The task for the listing below is to write out exactly the lines starting at the one containing "Dacia Duster din" and ending at the one containing "Casa, 4 quartos, 1287 m² - Foto 5", both included. Pictures are to be omitted.

-- SUPPLIED DATA --

▼

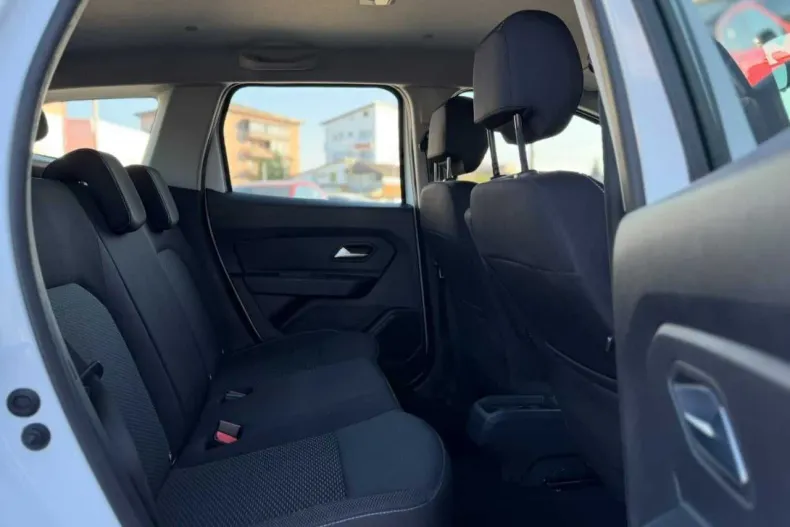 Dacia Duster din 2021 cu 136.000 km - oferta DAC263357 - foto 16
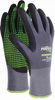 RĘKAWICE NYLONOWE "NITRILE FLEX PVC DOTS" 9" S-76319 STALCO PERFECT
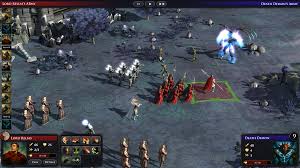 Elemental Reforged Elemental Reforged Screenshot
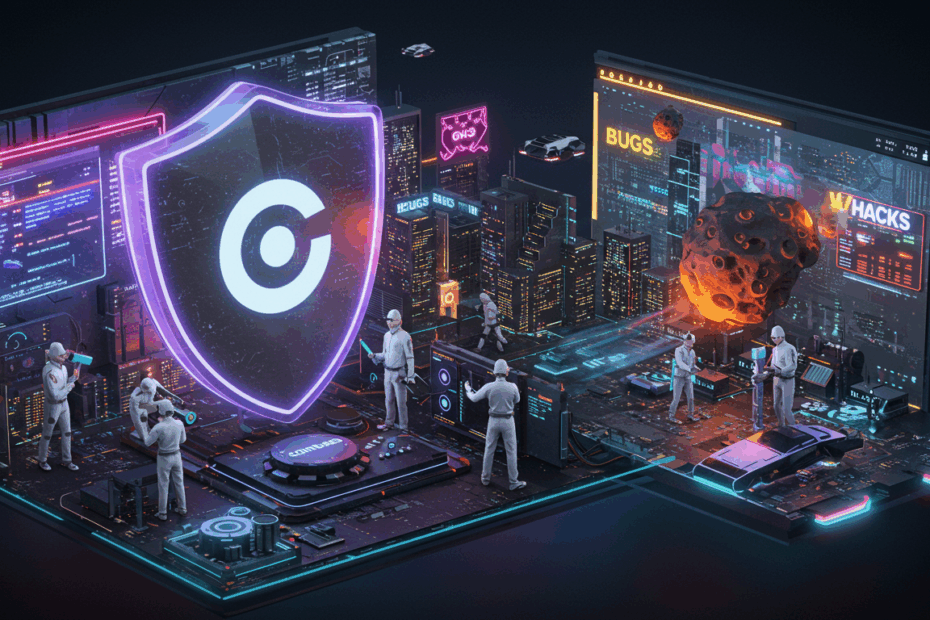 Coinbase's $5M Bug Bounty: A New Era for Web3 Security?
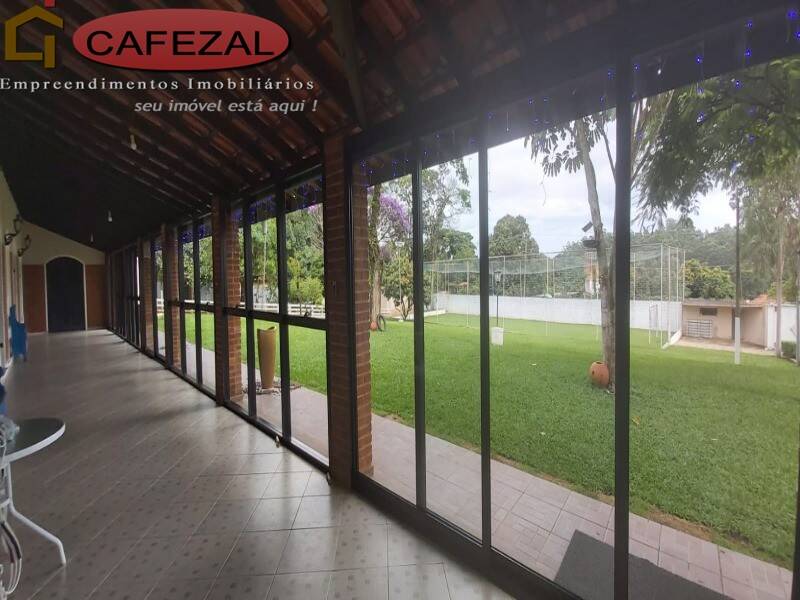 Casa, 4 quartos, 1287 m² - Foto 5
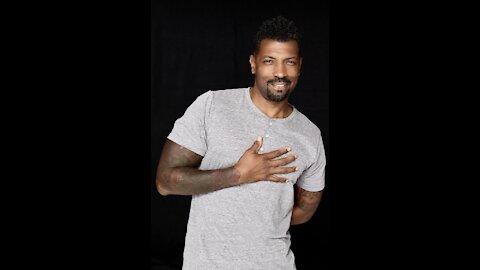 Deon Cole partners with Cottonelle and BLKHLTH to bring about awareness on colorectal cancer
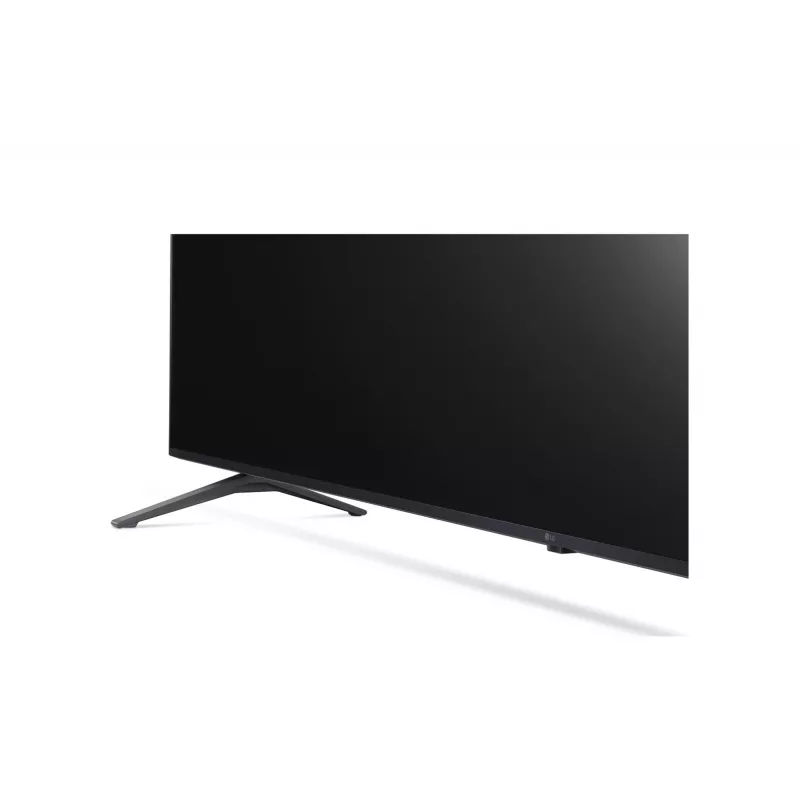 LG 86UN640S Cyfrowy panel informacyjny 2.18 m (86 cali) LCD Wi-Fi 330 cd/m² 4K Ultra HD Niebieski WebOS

▲
▼

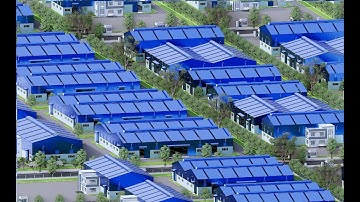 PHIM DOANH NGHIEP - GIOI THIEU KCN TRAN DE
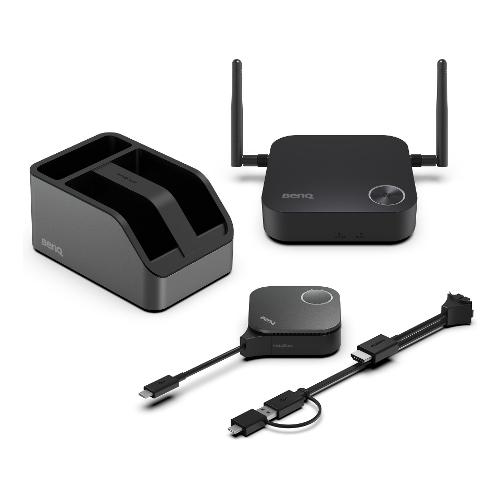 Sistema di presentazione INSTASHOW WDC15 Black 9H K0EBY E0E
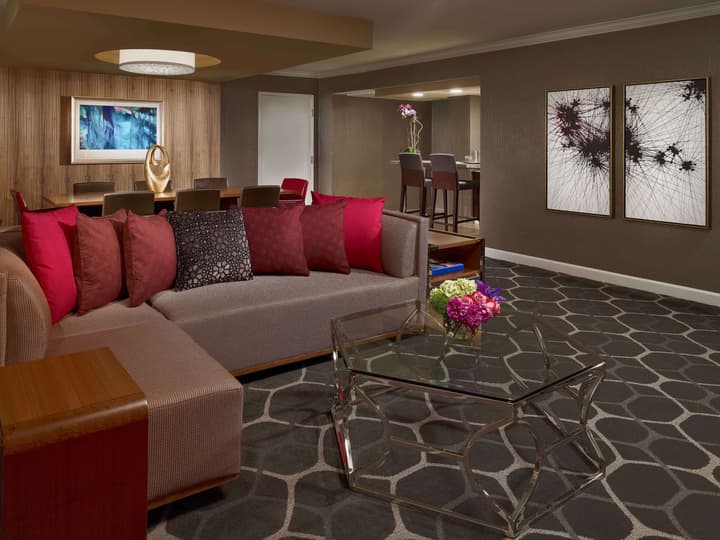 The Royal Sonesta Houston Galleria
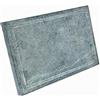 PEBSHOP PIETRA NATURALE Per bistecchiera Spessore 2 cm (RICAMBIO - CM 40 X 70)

▲

-- TASK OUTPUT --
 Dacia Duster din 2021 cu 136.000 km - oferta DAC263357 - foto 16
 RĘKAWICE NYLONOWE "NITRILE FLEX PVC DOTS" 9" S-76319 STALCO PERFECT
 Elemental Reforged Elemental Reforged Screenshot
 Coinbase's $5M Bug Bounty: A New Era for Web3 Security?
 Casa, 4 quartos, 1287 m² - Foto 5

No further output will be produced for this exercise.